Феллини не отказался бы от такого эпизода (а лучше обоих), если б цыгане вовремя доехали в Римини. Разумеется, если б он увидел их сам: наяву или в воображении, что при силе его воображения практически одно и то же. Принцип пережитого, точнее выстраданного, царит в его картинах, всегда посвященных одной проблеме – своего сосуществования с окружающим миром. Попробовав решать за других в «Il Bidone» и выносить нравственные суждения в «Сладкой жизни», он отказался от того и от другого. Даже в «Репетиции оркестра», которую принято трактовать публицистически, Феллини занят проблемами современного общества не более, чем дедушка Крылов в «Квартете», написанном по поводу министерских разногласий, о чем скоро и справедливо забыли. В «Репетиции оркестра» дирижируют вневременной разброд и повсеместная несовместимость.

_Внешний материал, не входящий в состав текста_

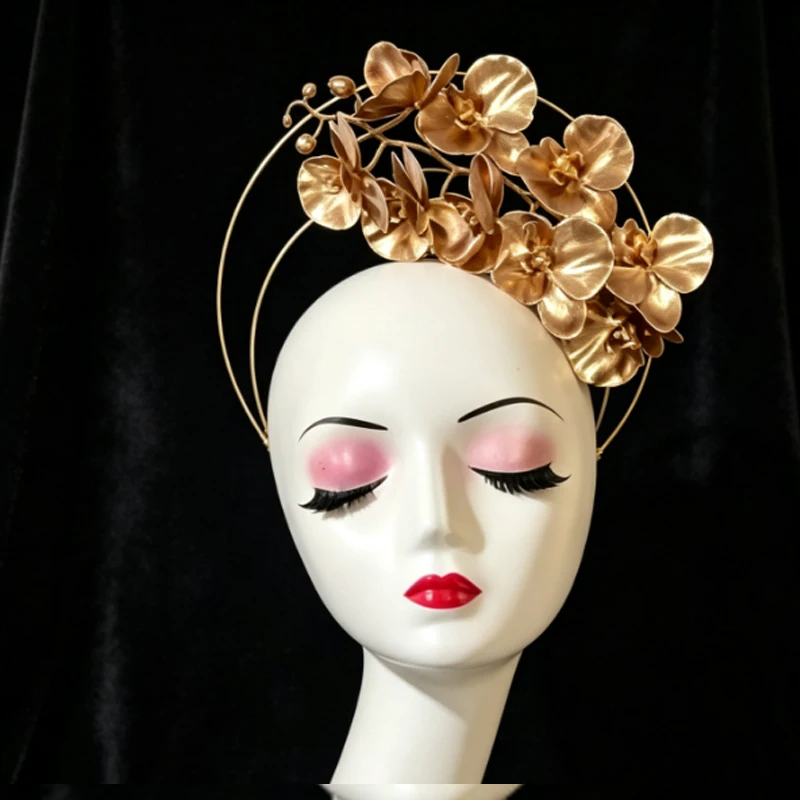 Gold Orchid Fascinator Headband, Halo Crown Headpiece for Wedding Photoshoot Festival Party, Elegant Women Hair Accessory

Алогичность жизни и невозможность достижения какой бы то ни было гармонии явно восхищали Феллини. «Озабоченность гастро-сексуальными вопросами» – так он определял духовный кругозор своих персонажей, и в этой шутке для журналистов – программная установка на всю полноту бытия. Полноту как хаос, как действие разнонаправленных сил, из которых более всего интересны неизученные и непредсказуемые: оттого он так держался за карнавал, за безмолвных глазастых девочек в белых платьях, за клоунов, за музыку Нино Рота, от первых тактов которой начинали приплясывать цирковые лошади.

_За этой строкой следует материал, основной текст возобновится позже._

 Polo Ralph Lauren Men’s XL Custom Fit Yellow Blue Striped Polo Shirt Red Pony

Это понимание жизни определяет разницу между цирком Феллини и цирком Чаплина. Последовательный рационалист Чарли вносит в хаос логику: абсурден мир, а не он. Потому так страшен и правдоподобен его «Великий диктатор», доводящий до предела художественный рационализм: следует безжалостно убрать все, что мешает сюжету и композиции. Следствие такого подхода – декларативный минимализм Чарли: пообедать можно вареным ботинком, а станцевать булочками, коль нет музыки, костюма, обуви (съел?) и партнерши. У Феллини танцуют и едят все со всеми и как попало: он никогда толком не знает, что делать и кто виноват, его клоун – не умный и расчетливый «белый», а непременно «рыжий», побитый и переживающий.

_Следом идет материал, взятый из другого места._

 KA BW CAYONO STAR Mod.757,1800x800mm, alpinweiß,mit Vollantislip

Переживал Феллини всегда один, держа в качестве мужского и женского двойников Мастроянни и Мазину, которые охотно дули в его многоклапанную дудку. Остальные были марионетками: вместо «клоуна» Чарли – «Клоуны» Федерико. Лишь один поднялся до высот выдающейся куклы – Казанова-Сазерленд.
Казанова выделяется в кинематографе Феллини. Но опытный зритель узнает в его фильмах даже статистов, словно звезд: они, как натурщицы Тициана или Веронезе, кочевали из картины в картину. Наслаждаясь властью творить по своему усмотрению человеческий фон, Феллини не только преображал внешность актера, но и по желанию старил его.
Так он заставил Мастроянни и Аниту Экберг в «Интервью» плакать перед самой, быть может, красивой в кино сценой – той, из «Сладкой жизни», в фонтане Треви, где они были моложе на 28 лет.
В «Интервью» появляется и молодой Феллини, а старый таращится на самого себя в изумлении, восторге и отвращении, как Джельсомина на Дзампано. Дорога окончена.
Дело не в том, что у Феллини иссякла фантазия и потух глаз. Дело в ценностях семьи Аддамс. В том, что авторское кино пришло к излету, и Феллини, да и любому другому, не выстоять в одиночку в грандиозном, беспрецедентном в истории потоке культуры, которую назвали массовой, и в самом этом термине заключается приговор одиночке.
Феллини замещает Спилберг, и это не смена одного мастера другим, а качественная перемена: понятие «феллини» – вполне определенное, понятие «спилберг» – какое угодно, в том числе и «феллини». Следствие того, что искусство из эстетической категории становится явлением демографическим. Феллини так и не снял «Илиаду», но вдруг ее поставит Спилберг: он может – ему «все равно». Эпический, динозаврий размах позволяет ему снимать такие массовки и так отбирать типажи, что какой нибудь маленькой стране пришлось бы занять в картине все население. Не говоря уж о бюджете. Масштаб сил и средств переводит количество в качество, и возникает физически ощутимая атмосфера: радость, возмущение, страх – можно не просто почувствовать, но потрогать. И если герои «Сатирикона», а тем более «Сатирикона Феллини», – современные, ни в чем не уверенные люди, то для «Илиады» понадобились бы тысячи доевангельских одномерных лиц, с глазами, не знающими сомнений. Значит, Спилберг устроил бы воздушный мост для вывоза на съемочную площадку племен с Таврийских гор.